Problem statement:
All the lines below should be set down exactly, with no picture carried into the copy.

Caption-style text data
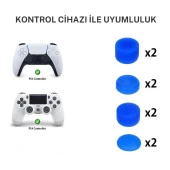 Cosmostech PS5 Controller Joystick Oyun Kolu Gamepad Uyumlu - 8'li Analog Koruyucu M thumbnail 5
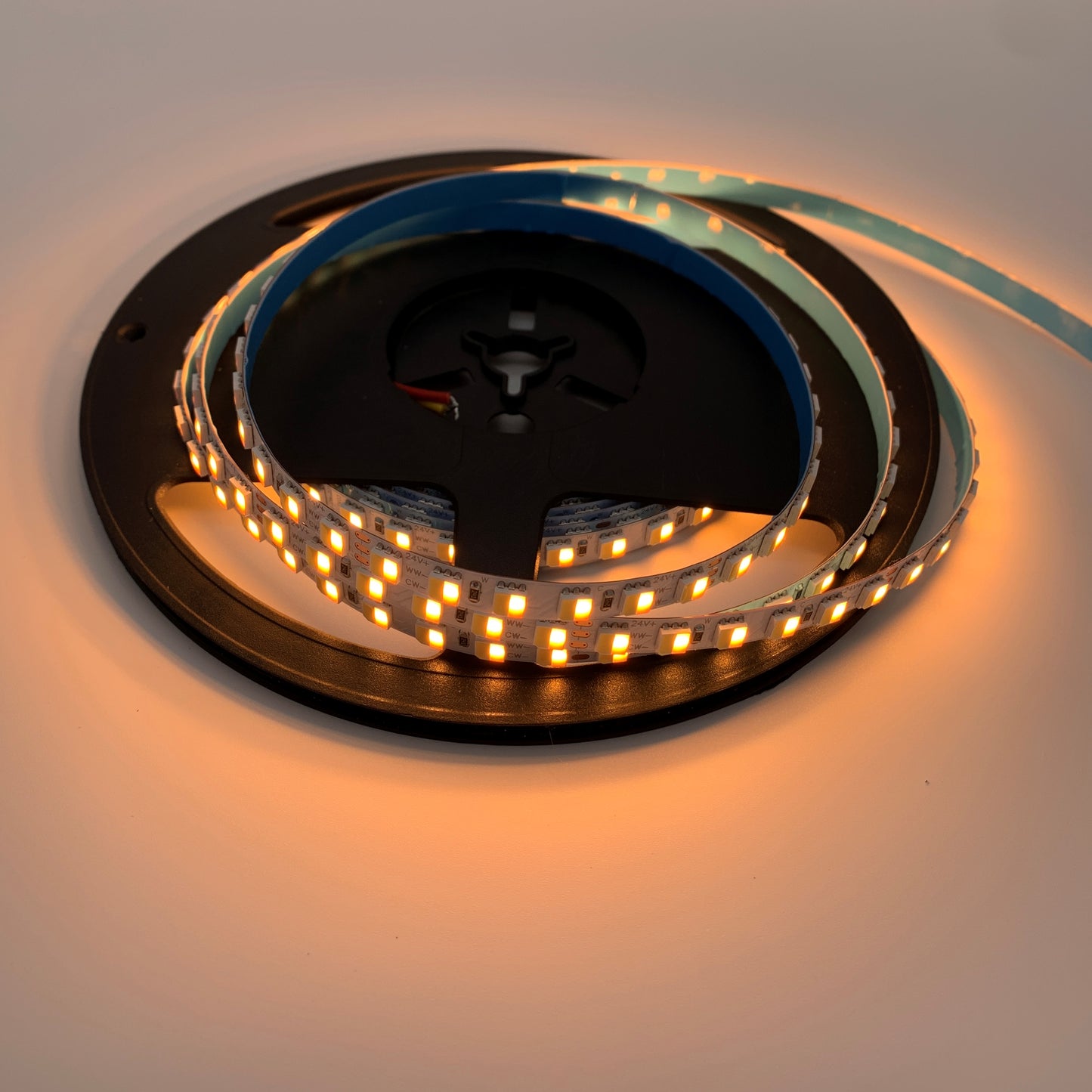 LED Strip CCT 5m, 25W/m, 24V DC, 2000K - 6500K, CRI>90, IP20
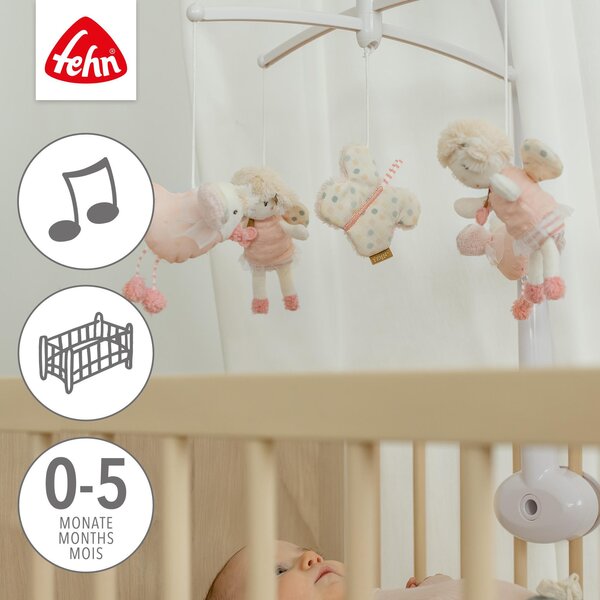 Fehn cot mobile feehnLAND Pink - Fehn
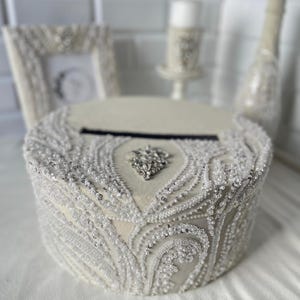 Velvet Wedding Gift Box – Cash & Envelope Holder, Decorative Storage Box for Cards, Keepsake Box, Personalized Wedding Present Elegant Gift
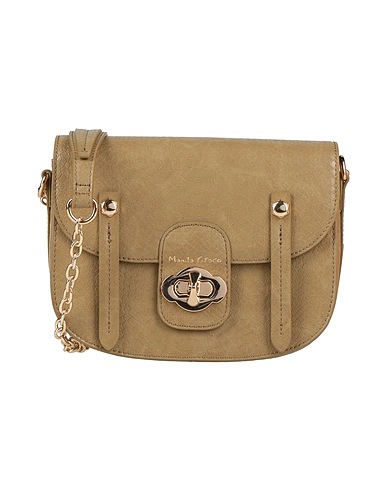 MANILA GRACE Across-body bag Khaki 100% Polyurethane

Response area:
 Cosmostech PS5 Controller Joystick Oyun Kolu Gamepad Uyumlu - 8'li Analog Koruyucu M thumbnail 5
 LED Strip CCT 5m, 25W/m, 24V DC, 2000K - 6500K, CRI>90, IP20
 Fehn cot mobile feehnLAND Pink - Fehn
 Velvet Wedding Gift Box – Cash & Envelope Holder, Decorative Storage Box for Cards, Keepsake Box, Personalized Wedding Present Elegant Gift
 MANILA GRACE Across-body bag Khaki 100% Polyurethane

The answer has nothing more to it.